Wendy Greuel this morning launched a reboot of her campaign for mayor of L.A., giving a speech at UCLA that attacked the media and rival Eric Garcetti, while including a tacit admission that she has struggled to define her candidacy.
Greuel acknowledged up front that her campaign has been overshadowed by the support of Working Californians, an independent group funded by the Department of Water and Power union, which has spent $2 million supporting her.
“Up until now, there has been one issue that has dominated this race — and that's been my support from one particular group: labor,” Greuel said. “That's unfortunate, and it's led to some of the media coverage and mud-slinging that you've seen.”
And while Greuel did not distance herself from her labor allies, she did try to redefine herself as a “strong leader” — a phrase she used half a dozen times — drawing an implicit contrast with Garcetti.
“L.A. needs a real leader who is more than just a nice guy,” Greuel said. “We need a tough mayor with a plan and a proven record to get things done.”

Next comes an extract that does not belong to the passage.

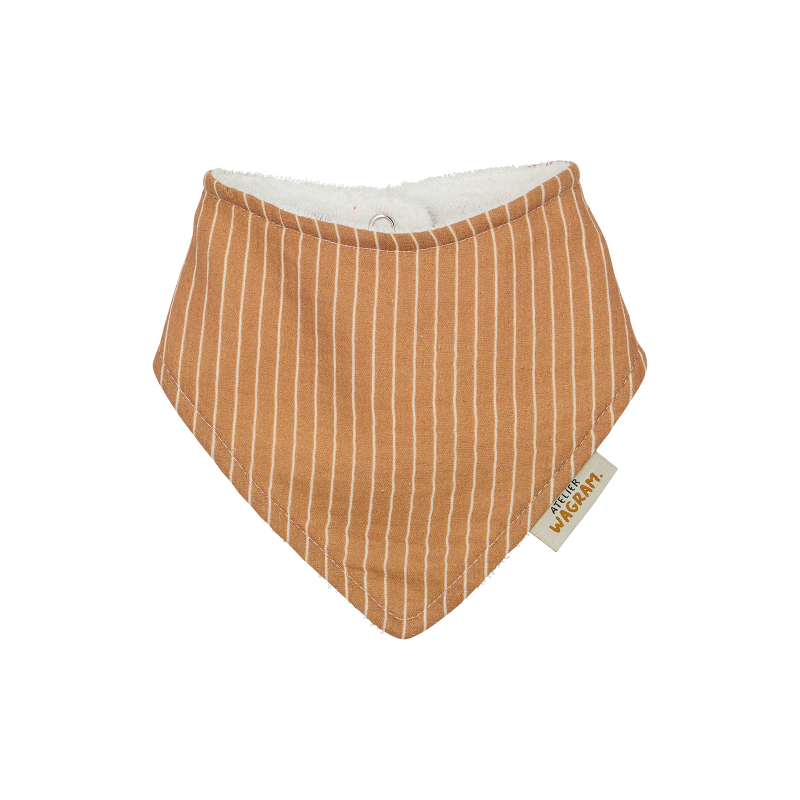 Bavoir bandana | Rayures fines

Greuel's reboot comes a little more than a week after a significant reshuffle of her campaign staff. Rose Kapolczynksi, who had been her campaign manager, was replaced by Janelle Erickson, who managed Greuel's first campaign for city council. The reorganization — accompanied by the departure of her volunteer field staff — followed a disappointing primary campaign effort.
Greuel's own polling showed her in the lead in December. But two months of attacks from Garcetti, as well as from rivals Kevin James and Jan Perry, left her battered. She finished four points behind Garcetti. in a much weakened position heading into the May 21 runoff.
Today, Greuel attempted to turn the page. She unveiled a new slogan — “Leading L.A. Forward” — which seemed either an homage to or a rip-off of Barack Obama's re-election slogan: “Forward.” She also made an apparent acknowledgement that while she is very good at “the art and science of public service,” she has struggled a bit with the art of campaigning.
“Campaigning is another thing,” she said. “Debating is another thing.”
Greuel talked extensively about education reform, in an apparent effort to appeal to women voters. Greuel had counted on support from women to boost her campaign, but there was no gender gap in the primary, as women supported Garcetti in equal numbers.
Greuel also spoke briefly about jobs, proposing a $50 million “tech jobs fund.” She also offered to slash the mayor's budget by 25%.
In an fitting touch for the venue, she closed with a quote from legendary UCLA basketball coach John Wooden: “Failure is not fatal, but failure to change might be.”